While many of my posts mock American politicians for their foolish, short-sighted, and corrupt choices, I’m still very happy to be a citizen of the United States. Or, to be more accurate, I’m glad that I live in a nation that is part of Western civilization.
Consider what it would be like to live in Iran, where the government executes people for victimless crimes. Here’s part of a report from AFP.
Iranian courts on Sunday sentenced two people to death for running porn sites, prosecutor general Abbas Jafari Dolatabadi said, quoted on the Islamic republic’s official IRNA news agency. …Last December, Canada expressed concern over the reported death sentence handed down to an Iranian-born Canadian resident for allegedly designing an adult website. …Malekpour was detained in Iran after returning in 2008 to visit his ailing father. He was sentenced to death in December. The Netherlands froze contacts with Tehran after Saturday’s hanging of an Iranian-Dutch woman for drug smuggling, having initially been arrested for taking part in anti-government protests.
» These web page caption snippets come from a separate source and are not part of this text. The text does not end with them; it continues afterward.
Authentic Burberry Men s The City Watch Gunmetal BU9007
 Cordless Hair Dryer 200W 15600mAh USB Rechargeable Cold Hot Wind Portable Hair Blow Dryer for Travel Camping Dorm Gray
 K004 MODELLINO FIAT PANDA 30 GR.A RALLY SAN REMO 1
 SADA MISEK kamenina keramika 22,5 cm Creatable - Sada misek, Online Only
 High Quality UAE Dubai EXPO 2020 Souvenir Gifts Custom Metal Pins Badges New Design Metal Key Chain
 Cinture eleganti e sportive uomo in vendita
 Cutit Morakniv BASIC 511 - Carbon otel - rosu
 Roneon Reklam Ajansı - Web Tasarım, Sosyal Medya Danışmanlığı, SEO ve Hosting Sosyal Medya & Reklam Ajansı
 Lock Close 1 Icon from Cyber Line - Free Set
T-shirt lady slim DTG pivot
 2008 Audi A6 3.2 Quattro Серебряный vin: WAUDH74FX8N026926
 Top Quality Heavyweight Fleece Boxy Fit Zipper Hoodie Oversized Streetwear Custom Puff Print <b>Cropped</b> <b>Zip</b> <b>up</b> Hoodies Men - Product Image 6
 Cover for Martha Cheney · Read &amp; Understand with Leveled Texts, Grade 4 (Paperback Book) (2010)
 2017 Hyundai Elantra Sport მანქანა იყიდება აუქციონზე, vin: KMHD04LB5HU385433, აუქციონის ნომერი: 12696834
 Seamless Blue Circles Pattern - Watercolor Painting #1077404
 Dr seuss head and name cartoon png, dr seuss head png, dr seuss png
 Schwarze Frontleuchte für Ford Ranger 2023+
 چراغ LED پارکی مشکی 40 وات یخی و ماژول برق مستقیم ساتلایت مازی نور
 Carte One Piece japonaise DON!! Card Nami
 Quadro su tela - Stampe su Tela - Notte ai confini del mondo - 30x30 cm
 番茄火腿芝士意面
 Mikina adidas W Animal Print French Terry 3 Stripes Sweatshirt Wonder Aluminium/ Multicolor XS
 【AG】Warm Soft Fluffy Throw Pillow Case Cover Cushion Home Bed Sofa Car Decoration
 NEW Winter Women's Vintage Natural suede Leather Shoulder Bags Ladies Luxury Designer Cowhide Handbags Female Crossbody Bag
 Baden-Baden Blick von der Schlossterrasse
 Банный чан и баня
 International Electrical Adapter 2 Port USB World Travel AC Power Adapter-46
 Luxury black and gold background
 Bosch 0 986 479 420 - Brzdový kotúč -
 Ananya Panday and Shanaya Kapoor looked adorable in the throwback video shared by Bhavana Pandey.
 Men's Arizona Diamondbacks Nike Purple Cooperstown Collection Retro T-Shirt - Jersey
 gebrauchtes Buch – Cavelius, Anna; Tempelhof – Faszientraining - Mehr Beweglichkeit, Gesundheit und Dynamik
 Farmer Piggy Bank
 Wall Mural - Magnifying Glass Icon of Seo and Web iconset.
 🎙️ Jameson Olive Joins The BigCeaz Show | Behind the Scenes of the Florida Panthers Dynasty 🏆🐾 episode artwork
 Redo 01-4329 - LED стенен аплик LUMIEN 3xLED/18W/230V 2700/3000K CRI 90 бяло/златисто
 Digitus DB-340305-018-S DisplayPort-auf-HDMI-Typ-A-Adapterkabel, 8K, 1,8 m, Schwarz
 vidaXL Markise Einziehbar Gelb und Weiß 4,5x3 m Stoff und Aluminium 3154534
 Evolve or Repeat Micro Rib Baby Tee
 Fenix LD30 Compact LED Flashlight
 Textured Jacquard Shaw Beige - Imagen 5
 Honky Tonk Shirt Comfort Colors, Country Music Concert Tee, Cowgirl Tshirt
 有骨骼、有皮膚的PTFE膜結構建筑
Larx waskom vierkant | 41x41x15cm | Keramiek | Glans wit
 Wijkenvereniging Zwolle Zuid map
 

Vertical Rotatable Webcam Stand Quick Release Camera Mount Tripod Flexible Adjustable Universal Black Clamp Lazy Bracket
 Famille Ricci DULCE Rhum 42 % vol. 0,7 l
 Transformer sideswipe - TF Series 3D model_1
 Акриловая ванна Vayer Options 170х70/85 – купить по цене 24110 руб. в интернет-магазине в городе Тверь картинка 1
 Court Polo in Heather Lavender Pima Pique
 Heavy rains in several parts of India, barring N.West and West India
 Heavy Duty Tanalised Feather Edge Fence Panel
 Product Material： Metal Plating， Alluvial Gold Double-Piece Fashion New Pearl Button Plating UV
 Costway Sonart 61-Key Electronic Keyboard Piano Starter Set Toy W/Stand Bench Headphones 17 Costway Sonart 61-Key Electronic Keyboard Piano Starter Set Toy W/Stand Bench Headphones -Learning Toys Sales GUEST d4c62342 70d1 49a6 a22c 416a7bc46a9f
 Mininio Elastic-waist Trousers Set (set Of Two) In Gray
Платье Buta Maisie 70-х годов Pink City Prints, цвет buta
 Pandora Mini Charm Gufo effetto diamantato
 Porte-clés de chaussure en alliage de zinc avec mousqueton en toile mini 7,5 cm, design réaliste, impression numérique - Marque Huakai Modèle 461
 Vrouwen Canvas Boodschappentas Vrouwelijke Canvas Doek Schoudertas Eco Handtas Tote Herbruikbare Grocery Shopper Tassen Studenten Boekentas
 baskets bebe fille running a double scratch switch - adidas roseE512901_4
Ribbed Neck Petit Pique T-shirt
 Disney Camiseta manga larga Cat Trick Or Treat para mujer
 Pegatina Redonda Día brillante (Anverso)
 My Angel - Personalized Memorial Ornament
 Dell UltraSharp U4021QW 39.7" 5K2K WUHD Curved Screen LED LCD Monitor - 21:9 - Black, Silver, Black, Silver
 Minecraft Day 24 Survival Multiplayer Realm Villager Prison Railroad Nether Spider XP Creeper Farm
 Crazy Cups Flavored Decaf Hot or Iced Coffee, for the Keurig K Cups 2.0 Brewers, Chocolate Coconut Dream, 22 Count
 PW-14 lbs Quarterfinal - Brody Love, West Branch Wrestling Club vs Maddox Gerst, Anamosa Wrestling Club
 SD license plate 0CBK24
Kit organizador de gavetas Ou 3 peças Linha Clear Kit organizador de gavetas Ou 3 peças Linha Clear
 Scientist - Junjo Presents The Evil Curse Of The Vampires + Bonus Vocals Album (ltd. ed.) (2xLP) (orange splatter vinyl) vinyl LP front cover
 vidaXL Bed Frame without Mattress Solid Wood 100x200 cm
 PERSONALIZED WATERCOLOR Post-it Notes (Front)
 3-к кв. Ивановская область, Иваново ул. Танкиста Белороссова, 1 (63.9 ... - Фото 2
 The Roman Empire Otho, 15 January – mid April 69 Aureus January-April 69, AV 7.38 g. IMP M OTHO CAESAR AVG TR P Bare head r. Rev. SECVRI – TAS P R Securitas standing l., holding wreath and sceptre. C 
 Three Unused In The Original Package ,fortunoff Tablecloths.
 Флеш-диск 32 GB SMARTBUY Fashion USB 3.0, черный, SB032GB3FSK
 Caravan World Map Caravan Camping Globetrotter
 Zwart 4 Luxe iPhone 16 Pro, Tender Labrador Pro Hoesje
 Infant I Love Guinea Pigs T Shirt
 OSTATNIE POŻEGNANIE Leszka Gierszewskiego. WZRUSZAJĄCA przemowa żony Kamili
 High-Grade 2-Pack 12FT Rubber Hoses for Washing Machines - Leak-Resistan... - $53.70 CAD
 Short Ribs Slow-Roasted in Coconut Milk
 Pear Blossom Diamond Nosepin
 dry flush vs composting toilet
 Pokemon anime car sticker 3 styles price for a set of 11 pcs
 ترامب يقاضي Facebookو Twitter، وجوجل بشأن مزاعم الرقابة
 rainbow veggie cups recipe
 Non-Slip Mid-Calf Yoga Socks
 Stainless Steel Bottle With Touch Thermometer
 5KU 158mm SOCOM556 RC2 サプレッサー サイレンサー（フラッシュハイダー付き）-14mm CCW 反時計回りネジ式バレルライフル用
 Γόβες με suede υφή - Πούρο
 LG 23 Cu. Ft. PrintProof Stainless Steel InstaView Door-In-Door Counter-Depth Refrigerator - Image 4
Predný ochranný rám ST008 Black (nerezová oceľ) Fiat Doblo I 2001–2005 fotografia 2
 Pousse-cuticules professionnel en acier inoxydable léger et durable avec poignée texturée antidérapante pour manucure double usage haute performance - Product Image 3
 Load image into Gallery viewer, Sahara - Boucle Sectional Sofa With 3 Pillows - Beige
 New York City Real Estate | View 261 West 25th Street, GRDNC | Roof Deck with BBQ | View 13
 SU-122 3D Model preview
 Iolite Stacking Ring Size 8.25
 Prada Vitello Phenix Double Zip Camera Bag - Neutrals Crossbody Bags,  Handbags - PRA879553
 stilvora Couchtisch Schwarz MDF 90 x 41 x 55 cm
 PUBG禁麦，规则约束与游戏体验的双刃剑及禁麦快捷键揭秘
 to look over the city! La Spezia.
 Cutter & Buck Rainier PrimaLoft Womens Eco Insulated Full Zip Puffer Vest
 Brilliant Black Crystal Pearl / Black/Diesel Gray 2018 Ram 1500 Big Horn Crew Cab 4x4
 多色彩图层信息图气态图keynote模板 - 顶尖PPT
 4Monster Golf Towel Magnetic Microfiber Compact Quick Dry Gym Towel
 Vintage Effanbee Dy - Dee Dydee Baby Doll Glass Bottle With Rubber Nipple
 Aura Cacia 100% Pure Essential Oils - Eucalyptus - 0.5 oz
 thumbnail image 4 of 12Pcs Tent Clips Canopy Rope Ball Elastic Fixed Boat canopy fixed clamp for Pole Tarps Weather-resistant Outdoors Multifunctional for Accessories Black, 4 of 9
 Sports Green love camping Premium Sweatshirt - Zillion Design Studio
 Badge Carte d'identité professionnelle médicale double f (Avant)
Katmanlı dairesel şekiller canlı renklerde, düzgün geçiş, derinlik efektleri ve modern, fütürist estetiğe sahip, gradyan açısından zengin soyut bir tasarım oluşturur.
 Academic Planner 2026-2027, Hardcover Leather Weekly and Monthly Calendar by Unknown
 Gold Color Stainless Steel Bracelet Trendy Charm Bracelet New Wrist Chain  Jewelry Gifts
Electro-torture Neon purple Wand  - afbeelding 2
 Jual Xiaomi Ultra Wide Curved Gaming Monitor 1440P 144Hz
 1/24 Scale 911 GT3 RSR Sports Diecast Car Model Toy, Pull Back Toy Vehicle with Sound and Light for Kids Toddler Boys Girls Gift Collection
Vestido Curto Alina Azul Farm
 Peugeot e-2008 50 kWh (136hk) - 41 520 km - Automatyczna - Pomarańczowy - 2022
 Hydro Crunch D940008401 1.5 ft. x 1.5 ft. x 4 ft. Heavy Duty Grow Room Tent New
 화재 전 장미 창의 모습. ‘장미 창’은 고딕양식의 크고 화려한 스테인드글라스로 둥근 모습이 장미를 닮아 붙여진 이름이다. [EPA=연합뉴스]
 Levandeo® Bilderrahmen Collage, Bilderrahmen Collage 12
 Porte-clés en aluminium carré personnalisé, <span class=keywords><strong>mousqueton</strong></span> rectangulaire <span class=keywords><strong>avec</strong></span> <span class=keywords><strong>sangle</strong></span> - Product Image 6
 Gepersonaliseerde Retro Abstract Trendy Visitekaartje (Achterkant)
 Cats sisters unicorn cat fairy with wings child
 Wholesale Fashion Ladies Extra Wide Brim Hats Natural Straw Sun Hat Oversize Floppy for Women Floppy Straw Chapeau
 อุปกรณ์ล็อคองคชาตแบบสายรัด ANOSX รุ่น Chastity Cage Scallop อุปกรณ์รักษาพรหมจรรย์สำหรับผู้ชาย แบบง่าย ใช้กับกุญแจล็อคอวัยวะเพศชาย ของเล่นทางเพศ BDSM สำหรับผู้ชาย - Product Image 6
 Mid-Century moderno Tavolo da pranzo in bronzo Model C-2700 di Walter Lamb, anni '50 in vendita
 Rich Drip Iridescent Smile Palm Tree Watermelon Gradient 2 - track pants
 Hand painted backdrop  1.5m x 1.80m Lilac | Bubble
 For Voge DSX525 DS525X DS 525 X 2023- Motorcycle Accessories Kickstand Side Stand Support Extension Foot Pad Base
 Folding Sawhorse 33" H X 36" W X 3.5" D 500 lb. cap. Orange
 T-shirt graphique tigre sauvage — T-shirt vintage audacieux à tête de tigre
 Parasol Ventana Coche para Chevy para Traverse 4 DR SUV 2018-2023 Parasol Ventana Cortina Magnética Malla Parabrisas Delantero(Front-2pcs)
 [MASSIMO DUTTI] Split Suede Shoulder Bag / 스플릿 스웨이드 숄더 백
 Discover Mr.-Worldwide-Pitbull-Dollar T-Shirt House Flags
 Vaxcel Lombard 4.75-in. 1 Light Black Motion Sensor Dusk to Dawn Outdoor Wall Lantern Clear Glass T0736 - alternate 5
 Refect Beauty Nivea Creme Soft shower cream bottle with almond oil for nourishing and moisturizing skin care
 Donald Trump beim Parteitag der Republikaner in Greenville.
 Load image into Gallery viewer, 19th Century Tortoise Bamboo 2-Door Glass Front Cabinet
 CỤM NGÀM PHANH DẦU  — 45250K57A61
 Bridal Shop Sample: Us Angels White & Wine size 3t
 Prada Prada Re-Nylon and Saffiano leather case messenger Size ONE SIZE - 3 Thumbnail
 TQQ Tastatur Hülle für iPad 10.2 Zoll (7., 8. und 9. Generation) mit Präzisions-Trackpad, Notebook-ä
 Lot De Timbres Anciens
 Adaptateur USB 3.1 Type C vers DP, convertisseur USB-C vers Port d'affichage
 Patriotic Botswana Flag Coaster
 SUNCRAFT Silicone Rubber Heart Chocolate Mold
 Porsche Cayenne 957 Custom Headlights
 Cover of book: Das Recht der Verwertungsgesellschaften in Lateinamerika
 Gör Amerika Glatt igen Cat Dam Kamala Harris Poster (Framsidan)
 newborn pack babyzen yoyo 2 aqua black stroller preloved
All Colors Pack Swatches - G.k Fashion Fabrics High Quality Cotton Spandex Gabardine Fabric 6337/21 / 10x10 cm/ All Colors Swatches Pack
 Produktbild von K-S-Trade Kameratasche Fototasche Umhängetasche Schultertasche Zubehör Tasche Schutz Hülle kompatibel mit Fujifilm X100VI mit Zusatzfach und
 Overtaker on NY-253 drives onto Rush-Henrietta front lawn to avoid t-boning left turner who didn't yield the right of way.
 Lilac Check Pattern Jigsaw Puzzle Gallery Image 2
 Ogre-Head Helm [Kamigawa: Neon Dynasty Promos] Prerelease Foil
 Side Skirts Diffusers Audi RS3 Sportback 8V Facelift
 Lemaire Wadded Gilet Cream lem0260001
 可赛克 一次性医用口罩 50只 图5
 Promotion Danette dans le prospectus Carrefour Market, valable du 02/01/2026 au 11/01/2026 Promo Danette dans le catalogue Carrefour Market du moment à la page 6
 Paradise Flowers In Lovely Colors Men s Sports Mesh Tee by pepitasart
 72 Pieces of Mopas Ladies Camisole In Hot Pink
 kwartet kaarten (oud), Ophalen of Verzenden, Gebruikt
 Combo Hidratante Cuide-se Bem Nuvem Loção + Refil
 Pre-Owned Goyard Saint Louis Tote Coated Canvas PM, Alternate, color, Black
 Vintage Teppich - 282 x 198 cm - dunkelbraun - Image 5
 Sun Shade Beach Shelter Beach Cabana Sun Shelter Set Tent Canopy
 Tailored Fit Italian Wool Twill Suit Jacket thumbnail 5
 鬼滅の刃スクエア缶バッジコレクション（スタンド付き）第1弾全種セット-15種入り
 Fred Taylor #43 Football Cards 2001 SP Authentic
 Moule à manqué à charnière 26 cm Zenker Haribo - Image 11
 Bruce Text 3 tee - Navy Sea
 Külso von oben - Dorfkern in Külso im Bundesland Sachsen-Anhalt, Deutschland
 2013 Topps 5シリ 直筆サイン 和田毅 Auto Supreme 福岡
Iran also executes gay people, so the thugs running the government get bent out of shape about all sorts of private, consensual acts.
And let’s not forget that these nutjobs apparently are on the verge of getting nuclear weapons.
I rarely comment on foreign policy, and I don’t pretend to know what, if anything, should be done about Iran. My libertarian instincts tell me that any Western intervention would backfire. That being said, the world might be a safer place if Iran’s nuclear weapons program was disabled by an Israeli strike.
The best outcome, at least to my untrained eye, would be a domestic revolution. Some people fear this means instability, but Anne Applebaum persuasively argues in today’s Washington post that the uncertainty of change is better than the certainty of oppression. She’s commenting on Egypt’s turmoil, but I think her message has wide application. As such, one can only hope that the Iranian people rise up and overthrow the current regime. At which point, maybe gay Persians should be allowed to decide an appropriate punishment for the ousted tyrants.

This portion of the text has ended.